Does it sometimes feel like you are wearing sunglasses when driving at low light or in the night time? Do you find yourself humming the Corey Hart song from 1984, “Sunglasses at Night?” Though presented as ultra-cool in some movies and music videos, as some people’s eyesight begins to degrade, they might well be living the song title.
Problems with night vision are linked to a higher likelihood of traffic accidents and fatalities; both driver and pedestrian can be contributing with poor vision. And good daytime vision does not automatically translate to good low-light eyesight. Indeed, because some vision problems develop so slowly, many people will not realize their vision is declining until it has seriously degraded.

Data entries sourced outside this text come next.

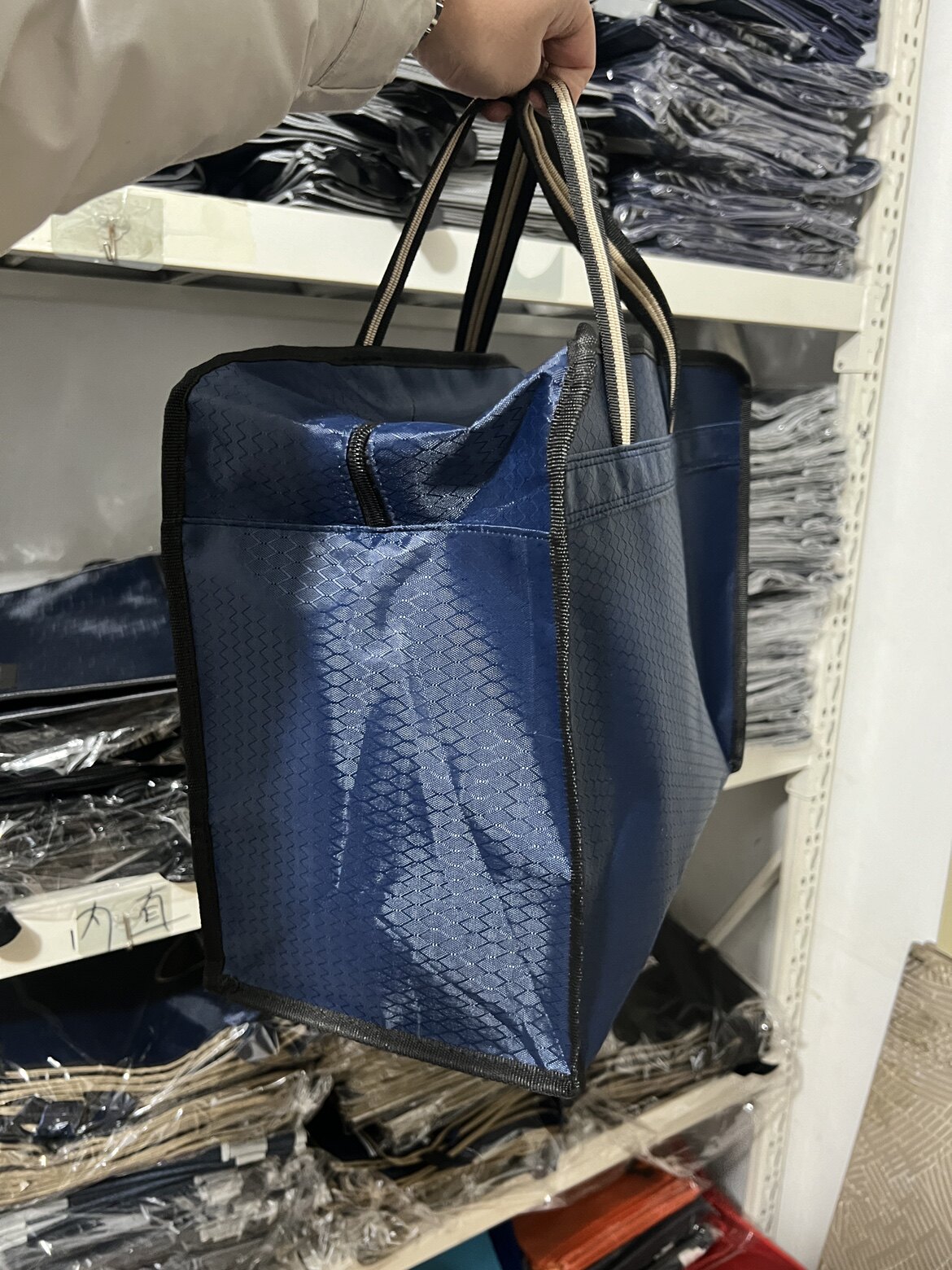 装烟包装酒牛津布袋公文包加宽加大防水装茶叶包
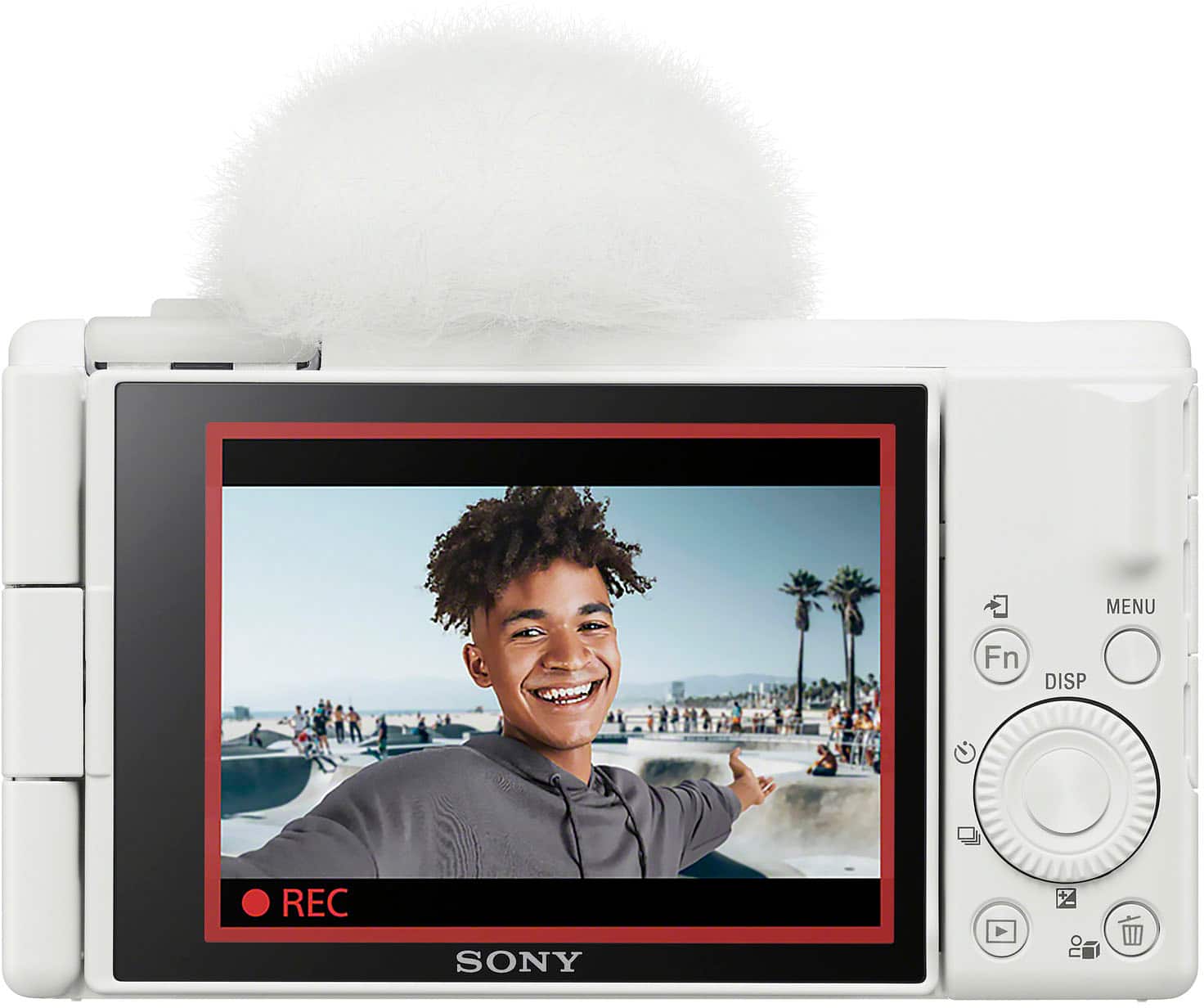 Sony - ZV-1F Vlog Camera for Content Creators and Vloggers - White - Image 4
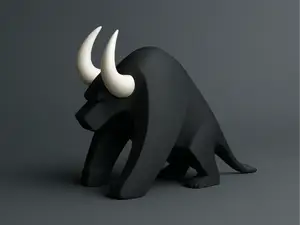 Horned Bull Art Sculpture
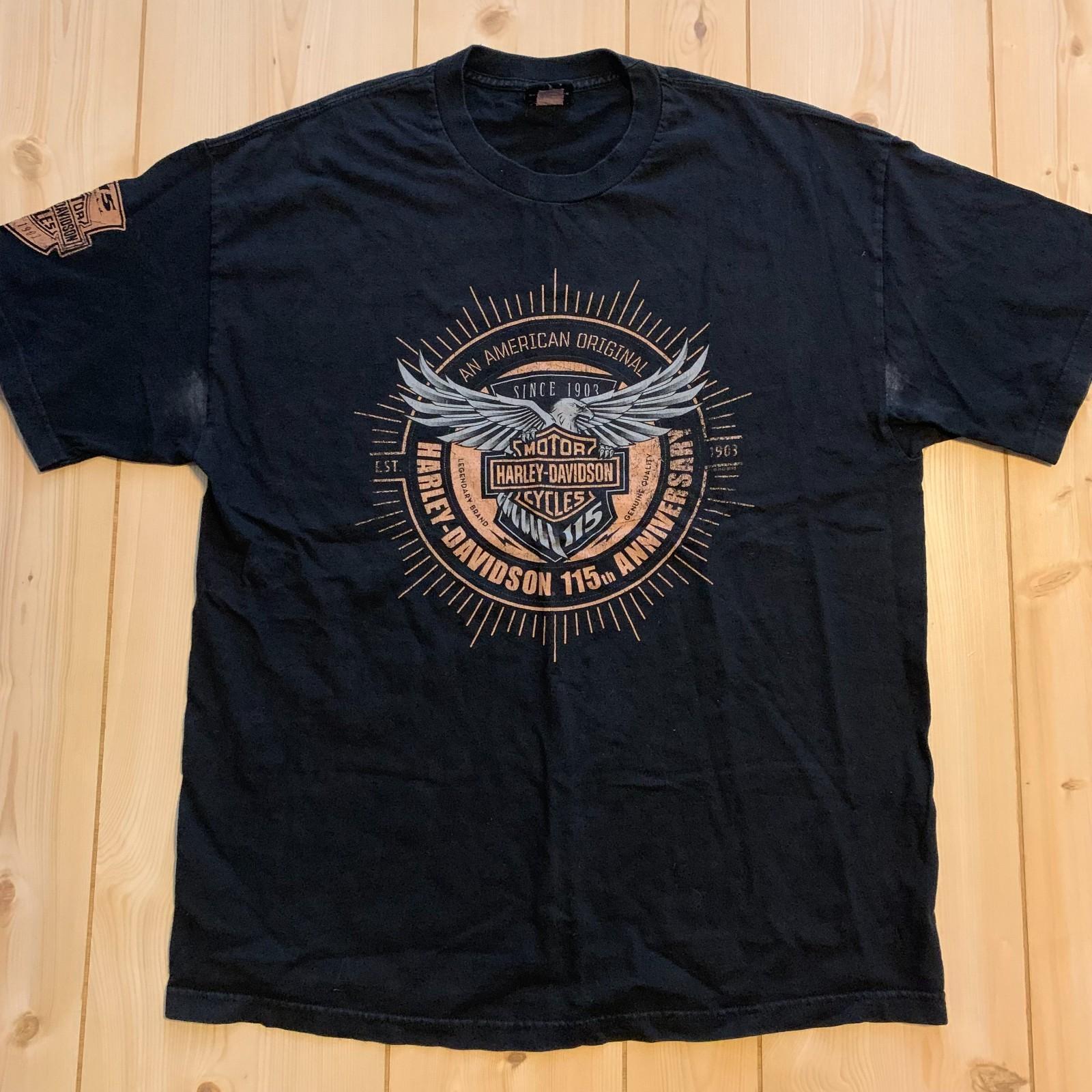 Harley-Davidson Motorcycles 115th Anniversary Milwaukee Wisconsin T-Shirt XL Unisex T-Shirt S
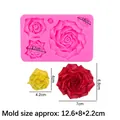 Pink silicone mold for rose-shaped candles and soaps with various flower sizes - Pink
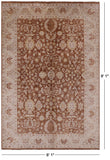 Peshawar Handmade Wool Area Rug - 6' 1" X 9' 1" - Golden Nile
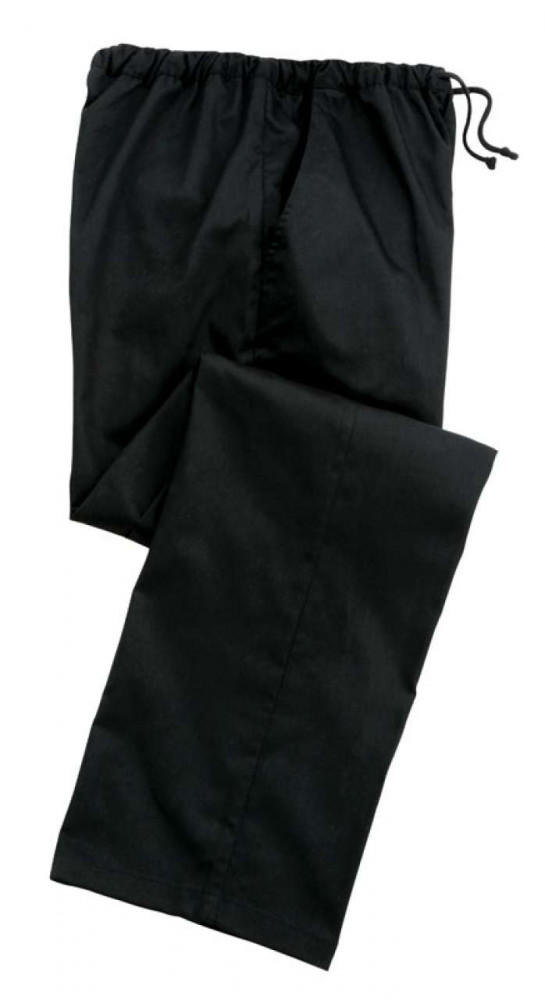 Uniszex nadrág Premier PR553 Essential' Chef'S Trousers -M, Black
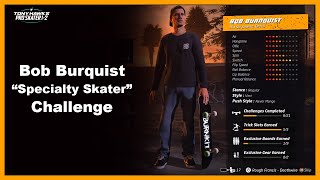 EASY METHOD for Bob Burnquist quotSpecialty Skaterquot Challenge [upl. by Adnelg]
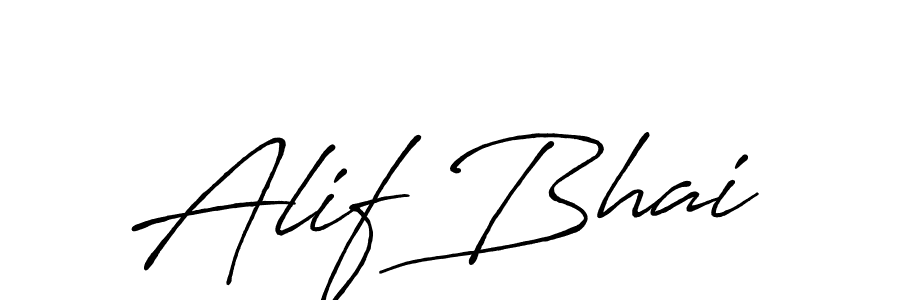 How to Draw Alif Bhai signature style? Antro_Vectra_Bolder is a latest design signature styles for name Alif Bhai. Alif Bhai signature style 7 images and pictures png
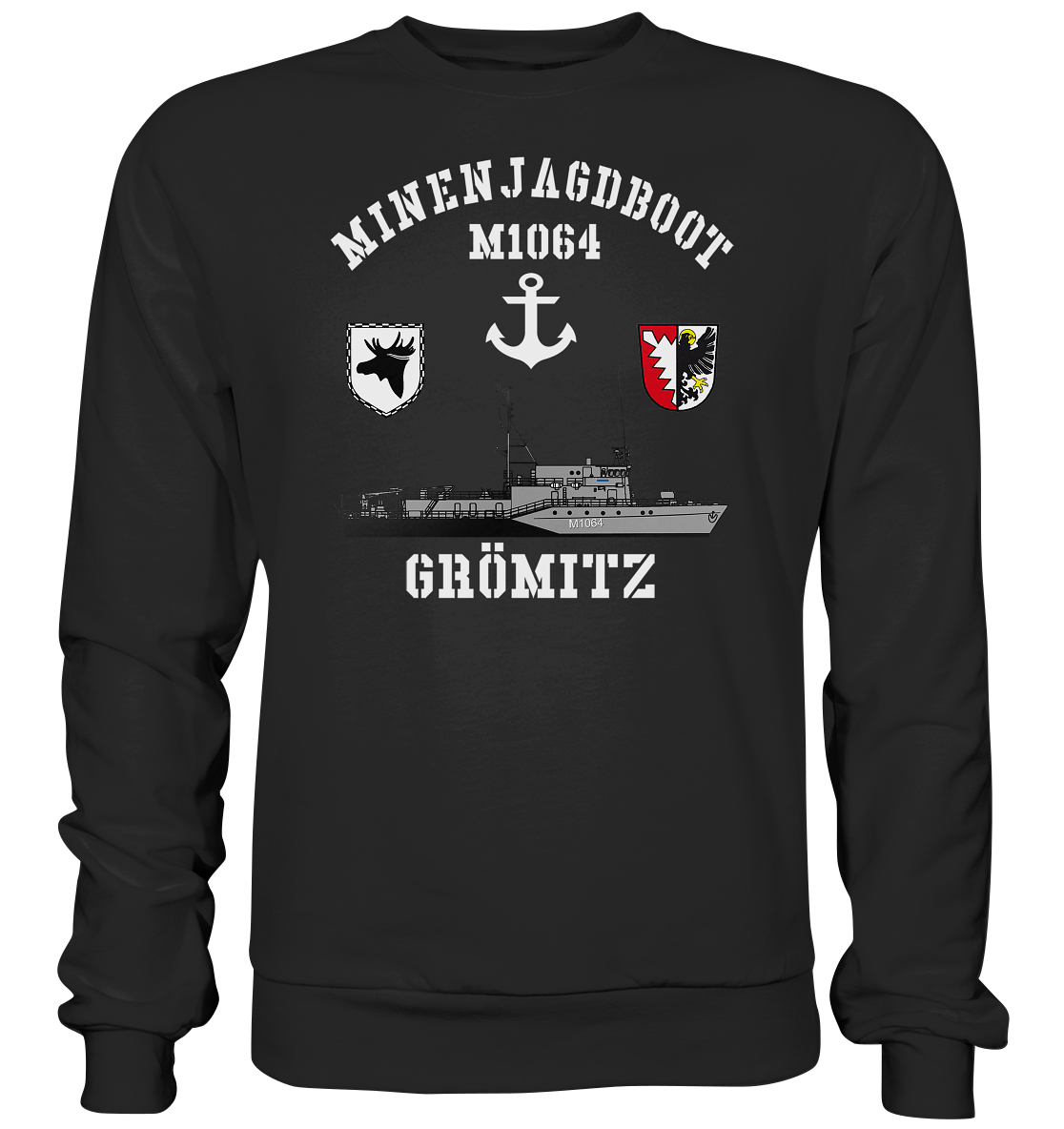 Mij.-Boot M1064 GRÖMITZ Anker 3.MSG - Premium Sweatshirt
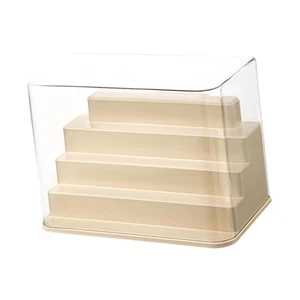 Display Case Dustproof 5 Layer Small Showcase for Dolls Figurines Bookshelf - Picture 1 of 4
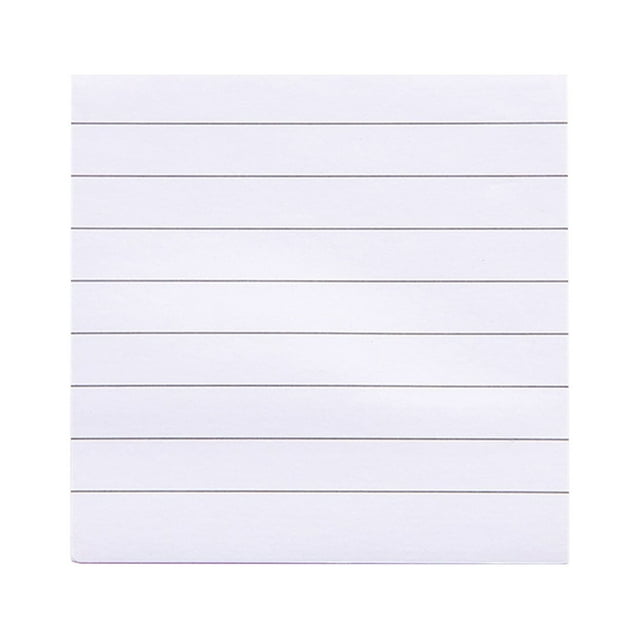 Lined Sticky Notes 3x3 Inch Strong Adhesive Memo Pads 80 Sheets per Pad 6 Bright Colors for Home Office School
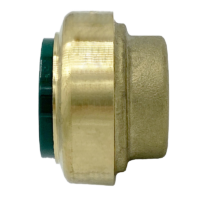 Arrowhead Brass RGP50 push-fit plug adapters are lead-free and allow for ease of installation on copper, CPVC, and PEX within seconds. The RGP50 is ½”.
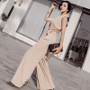 V-neck Jumpsuits Wide Leg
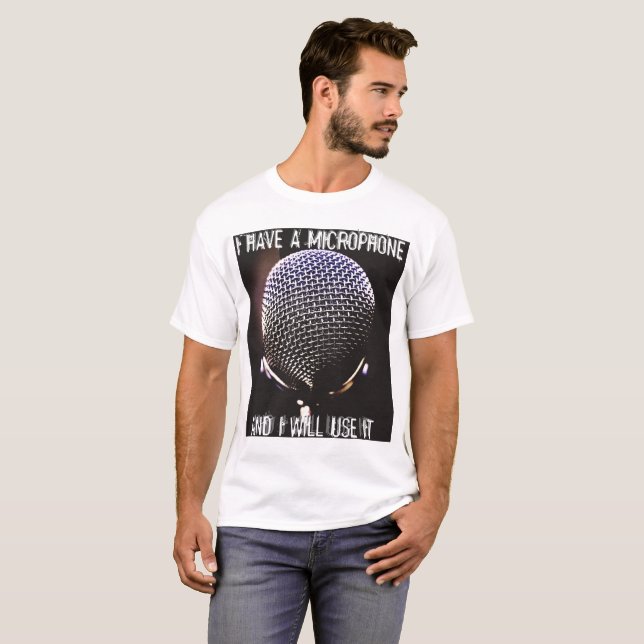 Microphone T-Shirt (Front Full)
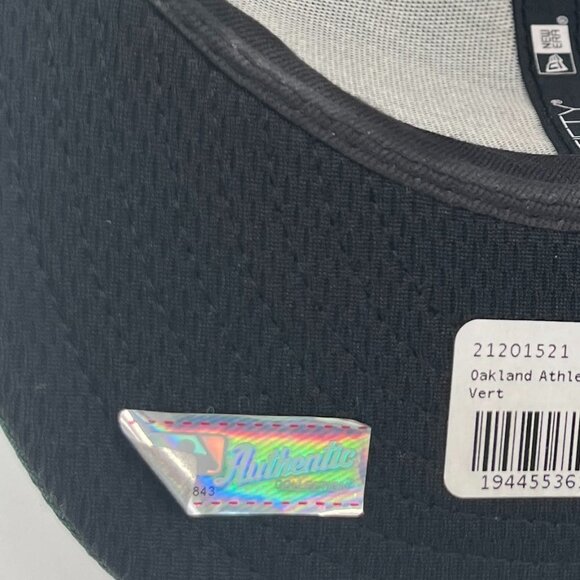 Oakland Athletics A's Elephant MLB Official On-Field Cap Size 7 = Medium NWT - Picture 7 of 12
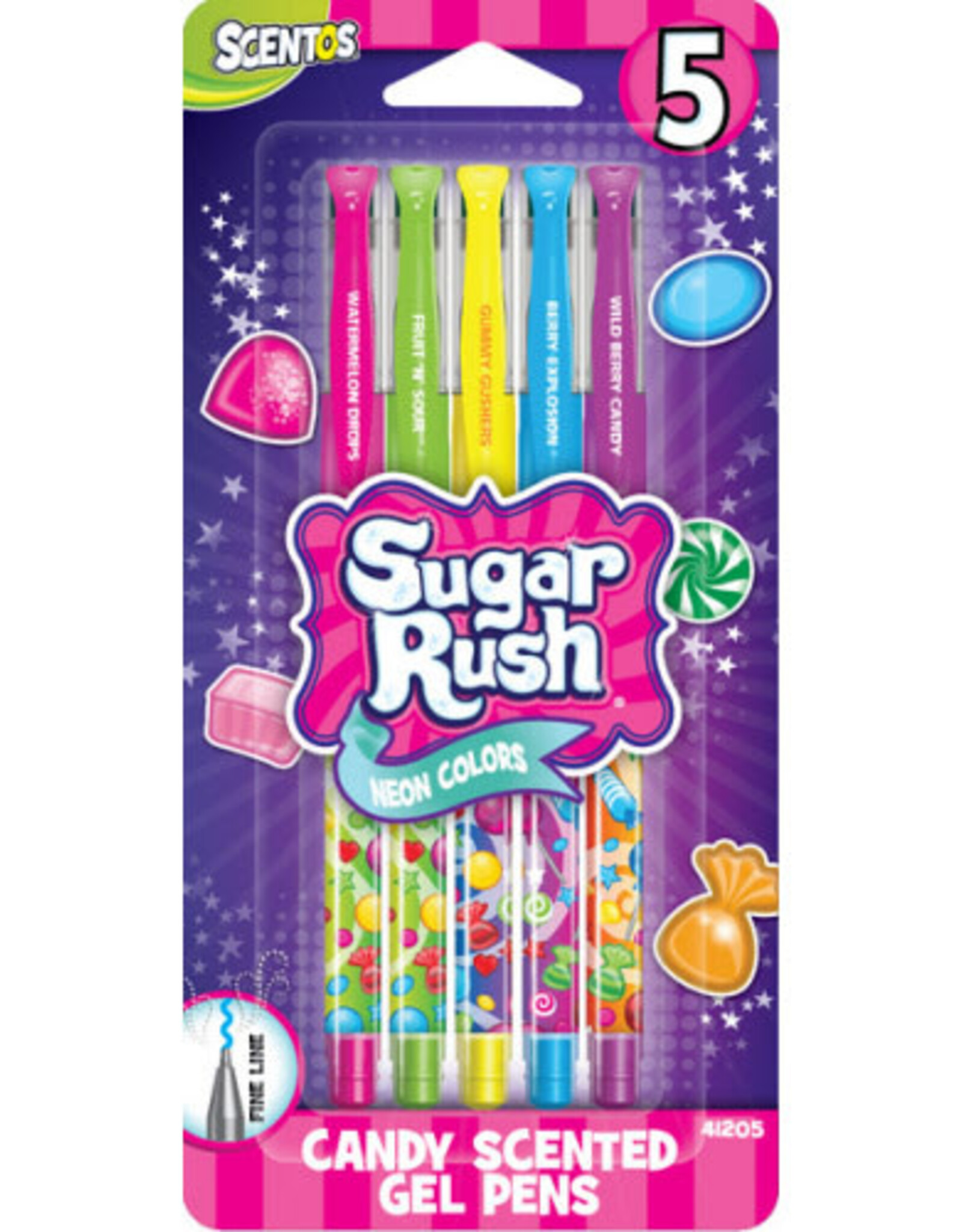 Schylling Sugar Rush - Gel pens Scented 5pk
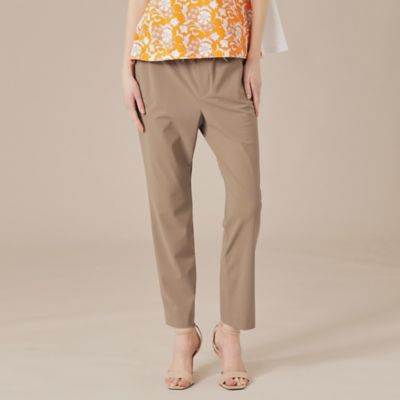 【婦人画報掲載】【Ｌｅｓｂｕｒｙ　Ｅａｓｙ　Ｐａｎｔｓ／レスベリー　イージーパンツ】トリコットストレッチクロップトパンツ（Ｇ５Ｒ０５５４３＿
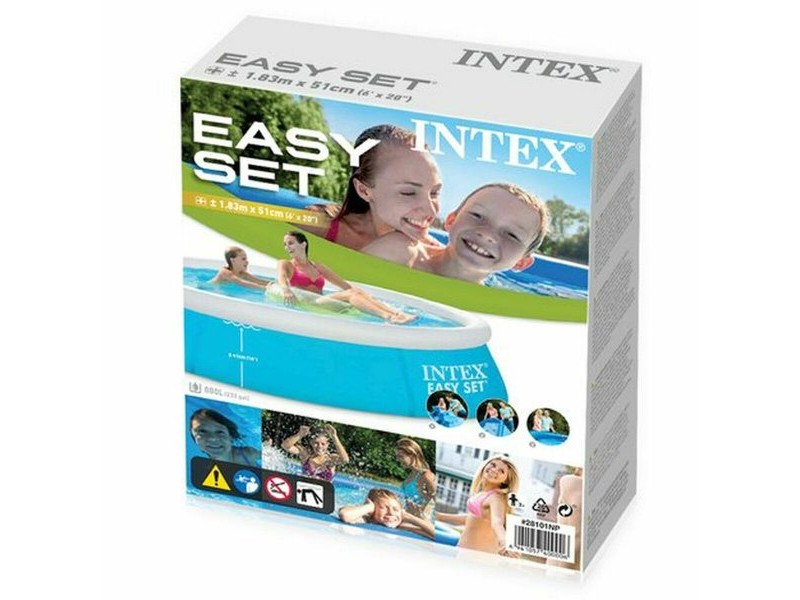 Надуваем Басейн EASY SET Intex 28101NP 886 L 880 L 183 x 51 x 183 cm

Problems with low-light vision are part of the aging process. As we get older our pupils get smaller and let less light into the retina. We also experience a reduction in the number of rods in the retina meaning a decrease in the ability to see contrast: objects are less distinct or blend into their background. This could mean not seeing a pedestrian or obstacle on the road. Aging retinas start to lose the ability to quickly recover from bright to dark, for example after facing an oncoming vehicle.
Aging corneas and lenses can also be less clear (cataracts) thus causing light to scatter inside the eye and increasing glare. Aging is not the only culprit for declining night vision. Problems may also arise for people with diabetes or dry eye syndrome, and after LASIK or similar eye surgery.
One way to improve our safety on the roads at night is to make infrastructure changes: better road lighting, more and better reflectors and paint on the roads (have you seen how brightly those new reflectors are?!) and adding rumble strips on the shoulder. Vehicles are also getting improvements including new headlights which produce much more, cleaner light.
And on some luxury vehicles we are seeing ‘night-vision systems’ which can ‘see’ pedestrians and animals using infrared cameras.
It may be hard to know if your night vision is becoming less effective. Indeed, since most eye exams take place under daylight conditions, even an eye test might not be enough. If you have any concerns about declining night vision, talk to your eye care professional who can test for it. You may be offered night driving glasses if there is a problem, even if you don’t wear glasses during the day.
There are steps to take which can improve your safety and that of others on the road with you. These suggestions work even if you still have good night vision. Start by making sure windows, headlights and mirrors are clean and that windshield wipers work well. When driving, slow down and maintain extra space margins; don’t overdrive your headlights. As a pedestrian or cyclist, wear light clothing, or better yet, reflective gear and walk facing oncoming traffic.
Because eye problems can decline so gradually, you might not realize that you have become visually impaired. If you have any doubt about your night vision, limit yourself to daytime driving and arrange for an eye exam. It could save more than one life.